Many instructors also choose to incorporate Packback's Curiosity Score into their grading structure, though this requirement is optional in the process of setting up your grades on Packback.
How to Incorporate the Curiosity Score into Grading
The Curiosity Score is a score given by the Packback Digital TA that measures the quality of student questions and answers on Packback. Every post earns a point score out of 100 based on its Curiosity (question structure and the amount of effort a student puts in, such as length), Credibility (citing high-quality sources), and Communication (effective use of formatting, paragraph breaks, reading level, and use of rich media like images/video).
We recommend that professors set a minimum Curiosity Score of 40, ensuring that students are completing a baseline level of work in order to receive credit. Higher-level courses can choose to increase the minimum curiosity score based on guidelines built into the platform. Learn more about the Curiosity Score in this article.
3. Communicate requirements clearly to students
- Set up your grading requirements in Packback: In Packback, you will be able to select your grading structure and deadlines in the Community Setup Process and have the platform auto-score student participation against your set requirements.

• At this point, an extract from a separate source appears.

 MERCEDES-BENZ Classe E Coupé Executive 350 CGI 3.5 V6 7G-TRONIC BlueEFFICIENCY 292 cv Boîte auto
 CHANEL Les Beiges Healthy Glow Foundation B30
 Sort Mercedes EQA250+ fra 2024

- To learn how to set up automated grading reports in Packback, visit this article.
- To learn how to set up automated grading reports in Packback, visit this article.
- Add Packback to your syllabus: All instructors should add Packback (and the details of the assignment requirements) to their course syllabus before class begins.
- Packback provides an auto-customized Syllabus Statement in the Community Setup Process that can be downloaded to make it easier to add Packback to your syllabus.